• Kino
  • Mapa
  • Ogłoszenia
  • Forum
  • Komunikacja
  • Raport

Ruszył przetarg na odbiór śmieci w Gdańsku

Katarzyna Moritz
14 lutego 2013 (artykuł sprzed 11 lat) 
Największa w Gdańsku firma wywożąca śmieci, czyli PRSP, ma 67 proc. rynku. Czy jej mocna pozycja sprawi, że zaproponowane w przetargu ceny będą wysokie? Największa w Gdańsku firma wywożąca śmieci, czyli PRSP, ma 67 proc. rynku. Czy jej mocna pozycja sprawi, że zaproponowane w przetargu ceny będą wysokie?

Właśnie wystartował przetarg na odbiór odpadów na terenie Gdańska. Od jego wyniku zależeć będą stawki, jakie mieszkańcy zapłacą za odbiór śmieci. To nie jedyne przygotowania do reformy śmieciowej: 25 lutego zostanie otwarte biuro obsługi mieszkańców, zajmujące się wyłącznie reformą śmieciową.

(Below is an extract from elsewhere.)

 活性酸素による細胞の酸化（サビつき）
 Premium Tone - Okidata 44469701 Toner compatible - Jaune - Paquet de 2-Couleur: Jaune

Czy wierzysz, że po przetargu spadną stawki za odbiór odpadów?

Choć radni Gdańska dopiero na sesji 28 lutego uchwalą metodę i stawki za odbiór odpadów w mieście, to trwają już przygotowania do wprowadzenia reformy śmieciowej. Zgodnie z ustawą o utrzymaniu czystości i porządku, gminy od 1 lipca staną się właścicielem odpadów i będą odpowiedzialne za ich wywożenie. Gdański Zarząd Dróg i Zieleni właśnie ogłosił przetarg na odbiór odpadów komunalnych ze wszystkich nieruchomości.

Miasto zostało podzielone na sześć stref, każda po ok. 75 tys. mieszkańców. Firmy chcące wywozić śmieci, będą składały swoje oferty dla każdej z interesujących je stref.

Wartość zamówienia na odbiór 500 tys. ton odpadów (tyle rocznie produkowanych jest w Gdańsku) jest szacowana w przetargu między 60 a 100 mln zł. Przypomnijmy: urzędnicy zakładają, że z tytułu opłat za odbiór śmieci, muszą zebrać od mieszkańców ok. 82 mln zł przez cały rok.

Od wyniku przetargu będą zależeć ostateczne stawki, które zapłacą mieszkańcy za odbiór odpadów. Gdy w styczniu podobny przetarg rozstrzygnięto w Gdyni, stawka ryczałtu spadła z zakładanych 35 zł do 30 zł.

Czy podobnie stanie się w Gdańsku?

- Jeżeli zwycięzcy przetargów na wywożenie śmieci zgodzą się jeździć za mniej pieniędzy, to zweryfikujemy wysokość opłat - obiecuje Maciej Lisicki, zastępca prezydenta Gdańska ds. polityki komunalnej w Gdańsku.

Jednak wcale nie jest to takie oczywiste, ponieważ rynek gdańskich firm wywożących odpadki jest daleki od równowagi.

- Największa firma w Gdańsku, czyli PRSP, ma 67 proc. rynku, druga 4,5 proc., a pozostałe kilkadziesiąt jeszcze mniej. Żeby powalczyć w przetargach, małe firmy będą musiały się konsolidować, albo liczyć, że zwycięzca zatrudni ich jako podwykonawców - tłumaczy Lisicki.

Na lutowej sesji radni prawdopodobnie przyjmą uchwałę, w której ustalona będzie powierzchniowa metodą pobierania opłat za wywóz śmieci oraz stawki 66 gr za m kw. za posegregowane odpady oraz 88 gr za m kw. za nieposegregowane. Takie opłaty naliczane mają być w mieszkaniach o powierzchni do 110 m kw. Po przekroczeniu tej powierzchni, za każdy dodatkowy metr będzie doliczane jedynie 10 gr.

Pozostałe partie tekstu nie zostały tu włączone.